Cuphead offers frustratingly addicting sidescroller

Sitting alone in the dark at 11 p.m. Anger boiling over. About to blow a fuse. That’s what Cuphead is about. It’s an incredibly challenging game designed to not be beaten. Every level is hard, and there is no such thing as easy. It’s level after level of brutal challenges and impossible enemies. Cuphead is designed to make you angry, and it does that very well. That’s the beauty and fun of the game, also making it one of the most diverse games on the market.

Cuphead’s art is one of the coolest parts of the game. The artwork and music are made to look like you are playing an early Disney cartoon. The 1940s-esque cartoon theme makes for great looking, side-scrolling adventure. A diverse array of enemies that walk weird, talk weird and fight weird is what makes it a little easy playing the same level over 20 times. If it was some other theme like a jungle, or whatever, it just wouldn’t work the same. The crazy up-tempo, jazzy style is in sync with the hand-drawn art in a way that’s hard to describe, but by just looking, you know there’s something special pertaining to it.

Cuphead’s is something that is ferocious. It makes you want to slam your controller down and throw it across the room countless times. That being said, when everything finally connects and falls to fruition perfectly, it is a moment of pure euphoria. It is a dopamine level only felt by heroin addicts and Cuphead fiends.

So, this all being said, before buying you must know how hard the game is. It’s nearly impossible. You’ll have to play levels so much so that you remember every little thing. You’ll study it, memorize it and develop new strategies to make it through the gauntlet.

Trial and error is both your friend and foe. If you have any desire to play this game in its entirety, it will be hard. It will seem like an impossibility, but it will be euphoric in the end.

The run and gun games will take forever. These are the modes that require the studious concentration. It seems easy enough.
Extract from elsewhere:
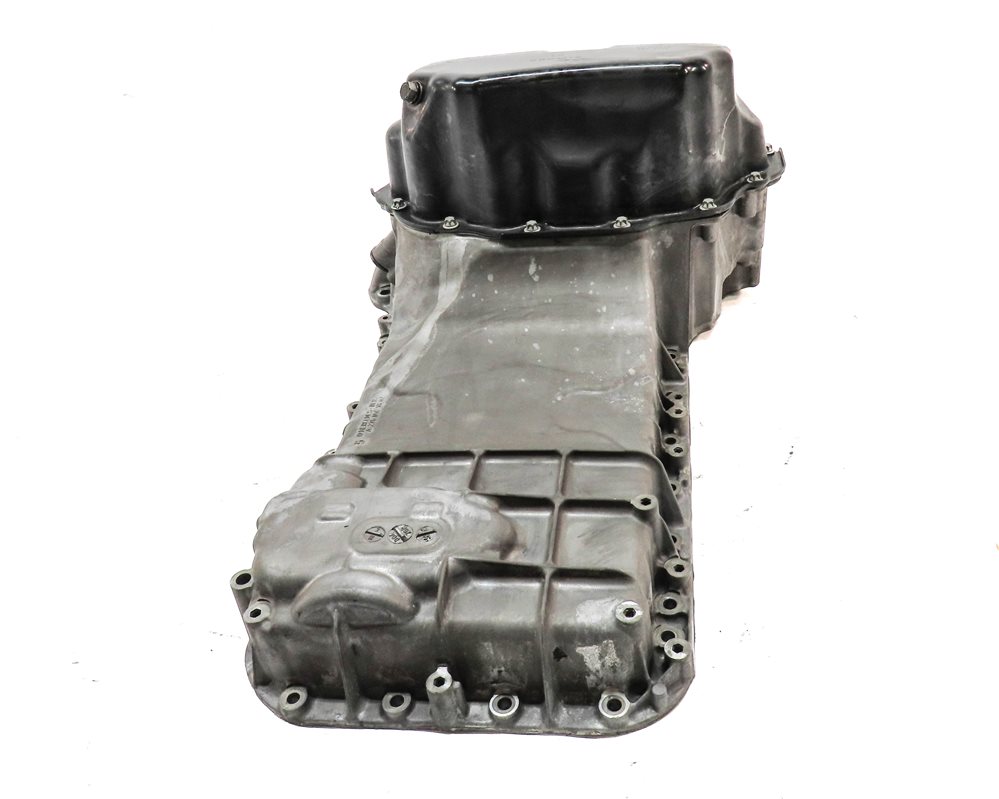 Thumbnail 2: 12-20 C350 E350 E400 GLE350 GLE400 ML350 3.5L UPPER & LOWER ENGINE OIL PAN SET/2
All you have to do is run to the right and avoid enemies in this side-scrolling mode, but the lack of forgiveness is what gives this mode its bite.

So much as a mistimed jump, dash or sprint can be deadly. Upgrades are important to things like your peashooter and movement abilities, but all in all, they are futile if you don’t have the skills.

Boss battle levels are next up. It’s usually just three killer bosses who are impossible to take down. For me, it always seemed to require unconventional ways to take them down, like running around until I got a few shots in. It will be hard, it will be brutal, but if you persist you will get it down.

Cuphead is a daunting game. I’ve said that about 400 times now, so you get the idea, but it would be a disservice to let you go in unarmored with tips. First off, I know I said the upgrades mean jack squat without skill, and I mean that, but that also doesn’t mean you go in without any upgrades. They can provide useful in dire times.

For example, there’s a smokescreen ability allowing you to be untouched during dashes. This can be incredibly useful in tight situations. An accidental death resulted by running into an enemy is one of the more infuriating ways to end it. This will hopefully limit those.

Secondly, choose a shooter that works for you. Whether it be the spread shooter that fires in multiple directions at short range, a homing shooter that does little damage or the final shooter, the boomerang, that shoots projectiles that follow your character.

Thirdly, don’t give up. When times seem dire, things are breaking and you just feel like quitting, don’t. As long as you don’t stop trying, eventually there will be a finish line.

Cuphead’s gameplay art, mixed with its challenges, make it a timeless game. The arcade style of play is perfect for the game and only helps its case. The depth may seem limited, but you tend not to focus on that stuff when you’re 50 tries deep into a level.